▸ **What is expected**: Copy out the entries word for word, leaving images aside.
----- Given entries -----
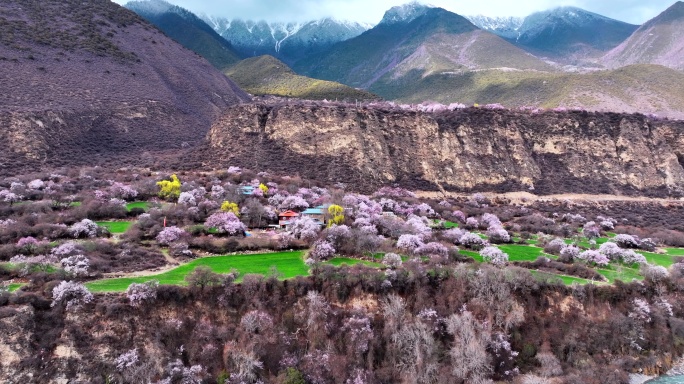西藏林芝桃花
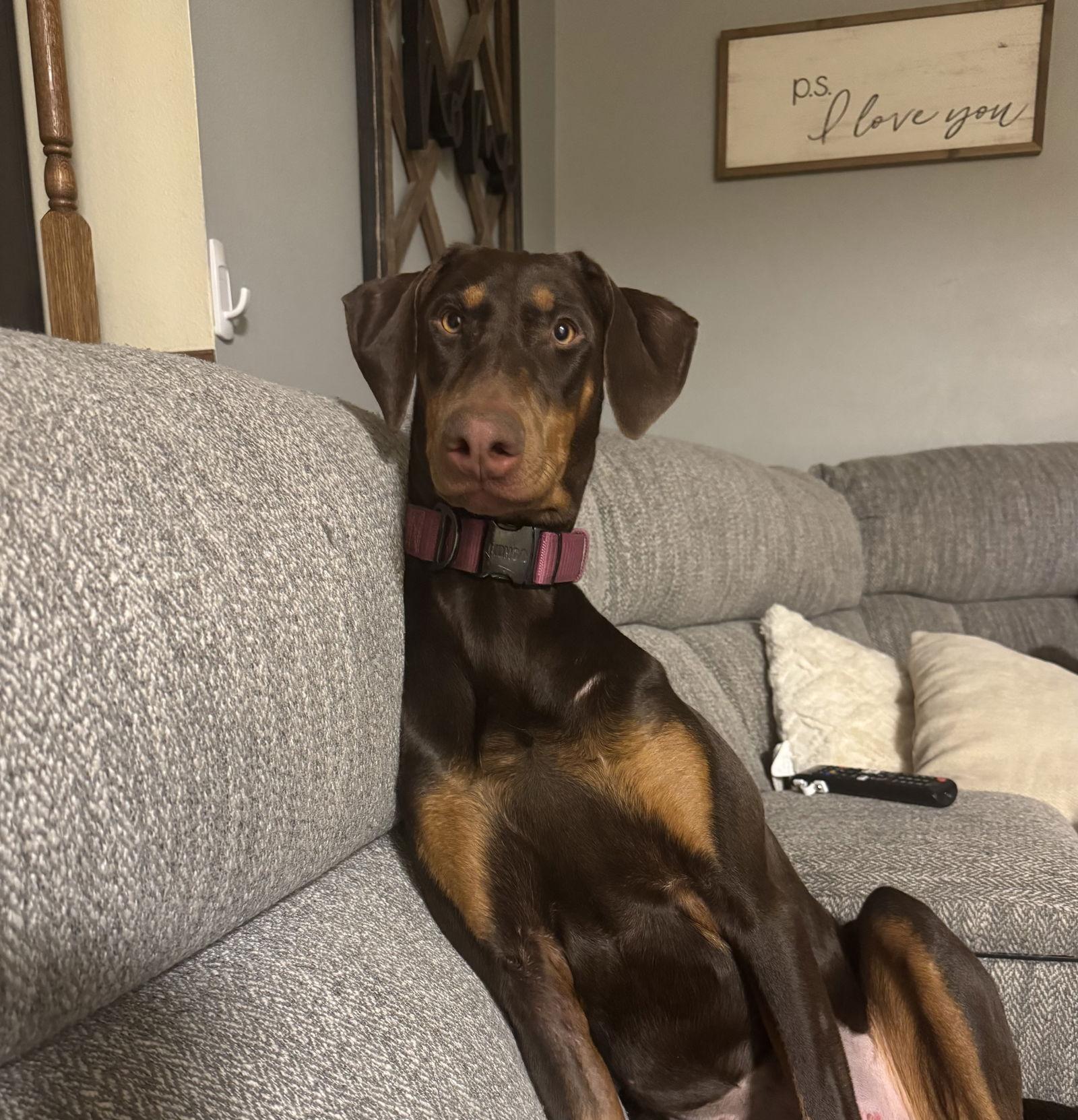 Enlarge Heidi, a Adoptable Doberman Pinscher in Minneapolis, MN image 3/3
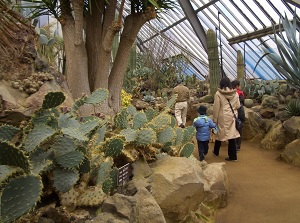 Cactuses in Izu Shaboten Zoo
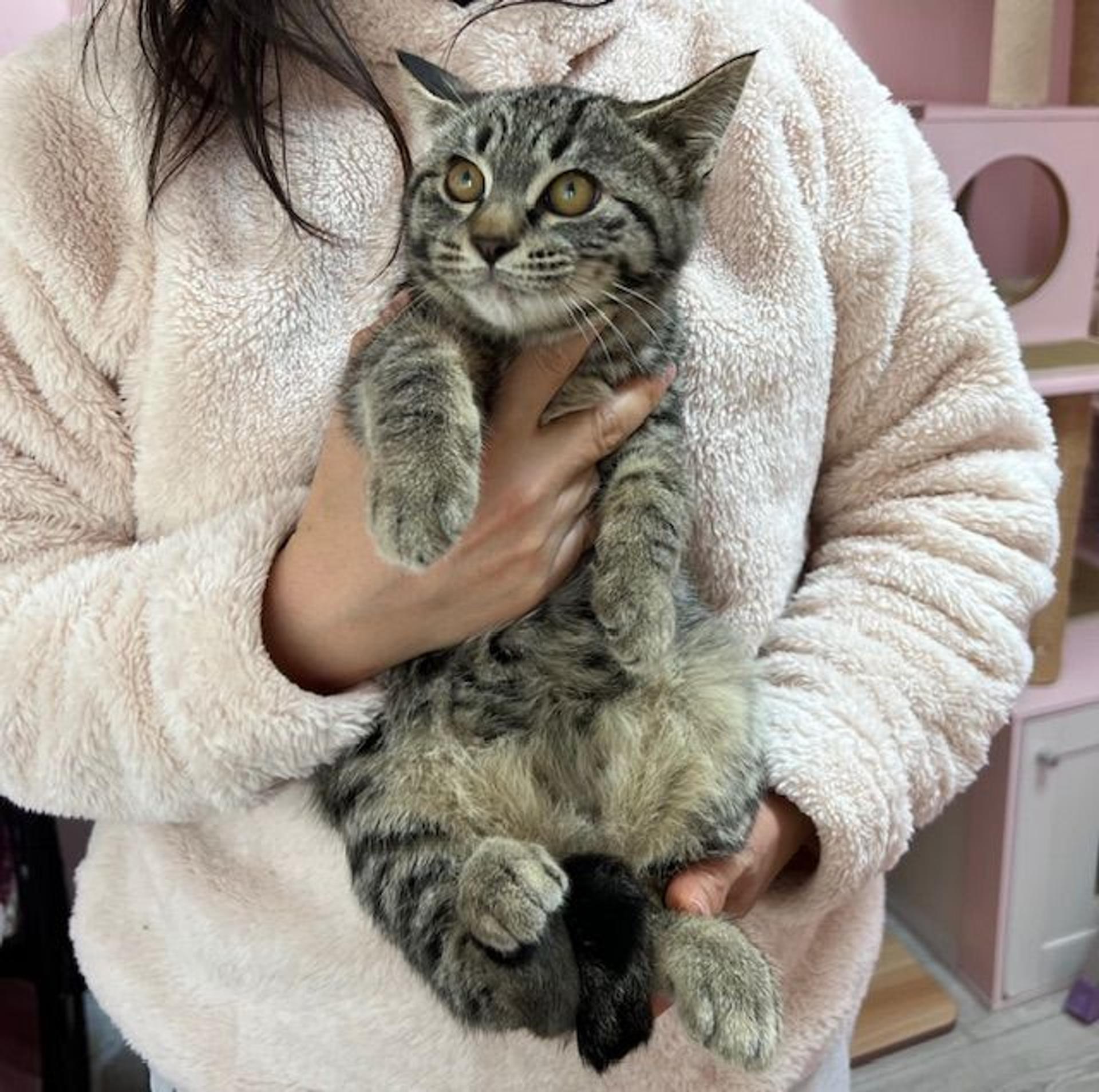 pet-image-2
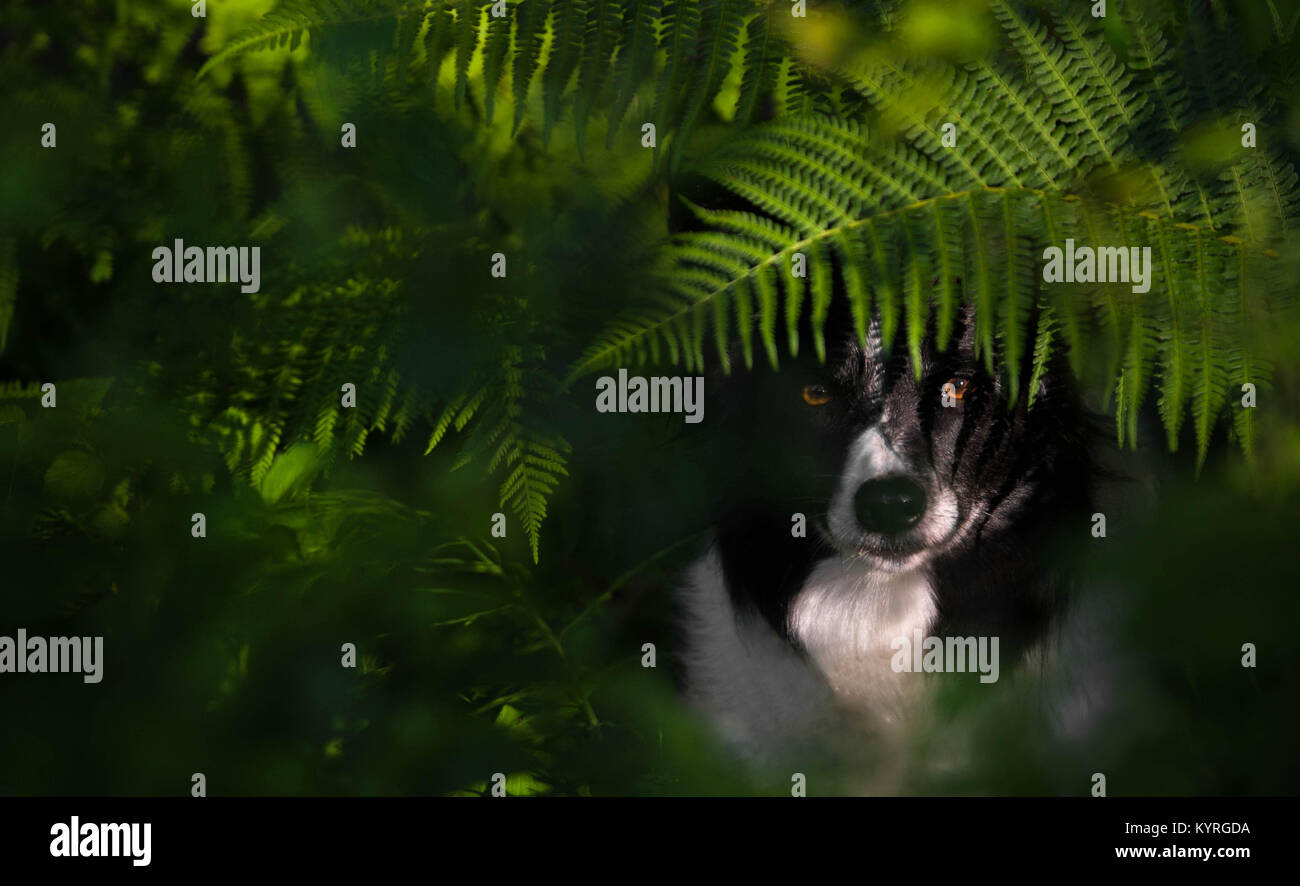 Portrait of Dog (Trendy Breed Black and White Border Collie) beneath the Ferns. Green Colors, Shadoes. Sharp eyes. Stock Photo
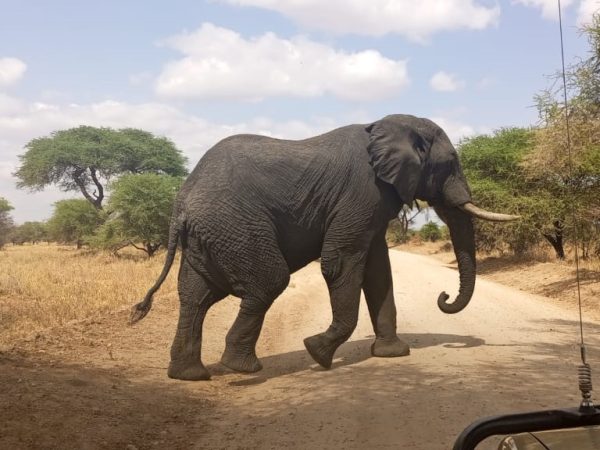 4 Days Wildlife Safari in Kenya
-----
▸ **The completed task**:
西藏林芝桃花
 Enlarge Heidi, a Adoptable Doberman Pinscher in Minneapolis, MN image 3/3
 Cactuses in Izu Shaboten Zoo
 pet-image-2
 Portrait of Dog (Trendy Breed Black and White Border Collie) beneath the Ferns. Green Colors, Shadoes. Sharp eyes. Stock Photo
 4 Days Wildlife Safari in Kenya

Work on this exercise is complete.